## ASSIGNMENT
Produce an exact copy of the lines below, starting at the first and ending with the line containing "2013 Volkswagen Polo".

DATASET CONTENT below:

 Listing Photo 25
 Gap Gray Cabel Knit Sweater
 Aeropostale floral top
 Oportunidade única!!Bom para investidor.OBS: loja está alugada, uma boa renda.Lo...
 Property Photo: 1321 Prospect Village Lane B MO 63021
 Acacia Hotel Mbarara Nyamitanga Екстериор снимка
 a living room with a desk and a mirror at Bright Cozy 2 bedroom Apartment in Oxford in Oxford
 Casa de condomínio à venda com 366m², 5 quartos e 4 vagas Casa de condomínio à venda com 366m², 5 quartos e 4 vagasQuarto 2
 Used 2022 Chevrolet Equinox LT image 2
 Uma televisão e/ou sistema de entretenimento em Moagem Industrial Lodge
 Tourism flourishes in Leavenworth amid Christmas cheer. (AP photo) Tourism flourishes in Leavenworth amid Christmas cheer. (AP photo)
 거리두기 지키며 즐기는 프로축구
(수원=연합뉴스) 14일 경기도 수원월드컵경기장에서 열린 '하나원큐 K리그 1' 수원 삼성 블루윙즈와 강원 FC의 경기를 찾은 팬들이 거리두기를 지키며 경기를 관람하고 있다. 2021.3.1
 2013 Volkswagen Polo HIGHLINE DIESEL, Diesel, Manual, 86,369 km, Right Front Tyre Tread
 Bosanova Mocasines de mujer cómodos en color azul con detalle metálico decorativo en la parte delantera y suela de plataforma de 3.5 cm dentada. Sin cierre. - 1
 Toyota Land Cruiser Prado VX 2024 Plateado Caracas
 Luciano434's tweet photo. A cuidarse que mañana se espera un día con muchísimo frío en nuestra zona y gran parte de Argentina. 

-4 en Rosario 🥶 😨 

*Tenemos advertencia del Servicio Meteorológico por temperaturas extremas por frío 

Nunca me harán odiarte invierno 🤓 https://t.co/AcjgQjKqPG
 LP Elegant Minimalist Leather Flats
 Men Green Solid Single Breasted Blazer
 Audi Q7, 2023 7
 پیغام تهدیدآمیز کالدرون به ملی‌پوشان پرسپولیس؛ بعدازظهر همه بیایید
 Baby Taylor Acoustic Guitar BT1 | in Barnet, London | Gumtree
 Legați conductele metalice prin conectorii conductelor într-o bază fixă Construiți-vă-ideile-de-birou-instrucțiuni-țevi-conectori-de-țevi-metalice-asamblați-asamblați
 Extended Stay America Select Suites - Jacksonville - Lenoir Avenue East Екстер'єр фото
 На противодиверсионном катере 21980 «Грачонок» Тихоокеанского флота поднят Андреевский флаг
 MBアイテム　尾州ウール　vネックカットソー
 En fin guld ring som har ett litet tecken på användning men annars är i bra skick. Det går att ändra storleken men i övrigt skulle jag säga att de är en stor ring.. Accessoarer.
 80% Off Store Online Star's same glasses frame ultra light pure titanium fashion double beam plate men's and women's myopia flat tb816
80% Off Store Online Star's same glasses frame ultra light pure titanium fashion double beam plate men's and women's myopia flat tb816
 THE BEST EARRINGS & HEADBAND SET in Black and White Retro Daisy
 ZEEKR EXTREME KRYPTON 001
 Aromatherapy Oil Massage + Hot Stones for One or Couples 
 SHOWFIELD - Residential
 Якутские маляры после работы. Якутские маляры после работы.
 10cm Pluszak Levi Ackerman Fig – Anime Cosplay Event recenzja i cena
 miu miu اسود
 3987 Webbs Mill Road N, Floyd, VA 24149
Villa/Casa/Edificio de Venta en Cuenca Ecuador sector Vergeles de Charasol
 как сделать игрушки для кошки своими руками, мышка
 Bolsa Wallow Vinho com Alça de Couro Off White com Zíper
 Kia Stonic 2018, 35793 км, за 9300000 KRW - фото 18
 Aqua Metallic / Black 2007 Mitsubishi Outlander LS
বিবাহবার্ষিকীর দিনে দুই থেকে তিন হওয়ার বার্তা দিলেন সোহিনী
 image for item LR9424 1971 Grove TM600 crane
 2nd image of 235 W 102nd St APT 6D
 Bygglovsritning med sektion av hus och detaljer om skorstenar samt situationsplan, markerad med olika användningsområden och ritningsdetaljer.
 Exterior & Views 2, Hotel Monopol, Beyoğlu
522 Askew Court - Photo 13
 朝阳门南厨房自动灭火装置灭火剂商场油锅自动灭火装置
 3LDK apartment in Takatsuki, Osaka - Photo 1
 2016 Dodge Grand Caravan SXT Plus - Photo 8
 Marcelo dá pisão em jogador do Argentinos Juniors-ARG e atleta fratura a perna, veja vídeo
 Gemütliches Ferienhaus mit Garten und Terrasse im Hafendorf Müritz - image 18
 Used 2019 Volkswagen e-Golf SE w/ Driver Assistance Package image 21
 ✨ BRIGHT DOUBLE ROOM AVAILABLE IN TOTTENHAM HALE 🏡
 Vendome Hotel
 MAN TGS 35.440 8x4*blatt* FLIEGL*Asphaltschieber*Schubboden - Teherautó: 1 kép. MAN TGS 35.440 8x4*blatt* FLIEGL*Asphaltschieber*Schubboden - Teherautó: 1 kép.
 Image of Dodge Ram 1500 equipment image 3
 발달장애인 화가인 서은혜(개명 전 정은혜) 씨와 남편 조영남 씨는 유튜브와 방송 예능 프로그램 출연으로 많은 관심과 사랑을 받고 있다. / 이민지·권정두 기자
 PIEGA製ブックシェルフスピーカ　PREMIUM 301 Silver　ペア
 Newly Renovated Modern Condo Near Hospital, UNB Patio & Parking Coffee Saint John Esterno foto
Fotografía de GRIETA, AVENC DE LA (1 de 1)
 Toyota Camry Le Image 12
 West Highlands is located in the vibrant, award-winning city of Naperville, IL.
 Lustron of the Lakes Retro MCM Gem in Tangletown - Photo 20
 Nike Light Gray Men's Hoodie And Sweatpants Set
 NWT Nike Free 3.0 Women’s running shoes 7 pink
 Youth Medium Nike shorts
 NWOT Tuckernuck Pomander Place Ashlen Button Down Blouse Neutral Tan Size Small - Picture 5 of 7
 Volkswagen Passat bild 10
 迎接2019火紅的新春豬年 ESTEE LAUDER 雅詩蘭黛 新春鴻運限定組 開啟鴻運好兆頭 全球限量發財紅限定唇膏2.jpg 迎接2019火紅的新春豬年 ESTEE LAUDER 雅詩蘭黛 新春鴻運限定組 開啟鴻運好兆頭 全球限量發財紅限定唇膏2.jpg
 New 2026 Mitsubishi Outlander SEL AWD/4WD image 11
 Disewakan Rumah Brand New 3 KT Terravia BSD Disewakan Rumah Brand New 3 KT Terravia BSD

End of DATASET CONTENT.

## YOUR SOLUTION
 Listing Photo 25
 Gap Gray Cabel Knit Sweater
 Aeropostale floral top
 Oportunidade única!!Bom para investidor.OBS: loja está alugada, uma boa renda.Lo...
 Property Photo: 1321 Prospect Village Lane B MO 63021
 Acacia Hotel Mbarara Nyamitanga Екстериор снимка
 a living room with a desk and a mirror at Bright Cozy 2 bedroom Apartment in Oxford in Oxford
 Casa de condomínio à venda com 366m², 5 quartos e 4 vagas Casa de condomínio à venda com 366m², 5 quartos e 4 vagasQuarto 2
 Used 2022 Chevrolet Equinox LT image 2
 Uma televisão e/ou sistema de entretenimento em Moagem Industrial Lodge
 Tourism flourishes in Leavenworth amid Christmas cheer. (AP photo) Tourism flourishes in Leavenworth amid Christmas cheer. (AP photo)
 거리두기 지키며 즐기는 프로축구
(수원=연합뉴스) 14일 경기도 수원월드컵경기장에서 열린 '하나원큐 K리그 1' 수원 삼성 블루윙즈와 강원 FC의 경기를 찾은 팬들이 거리두기를 지키며 경기를 관람하고 있다. 2021.3.1
 2013 Volkswagen Polo HIGHLINE DIESEL, Diesel, Manual, 86,369 km, Right Front Tyre Tread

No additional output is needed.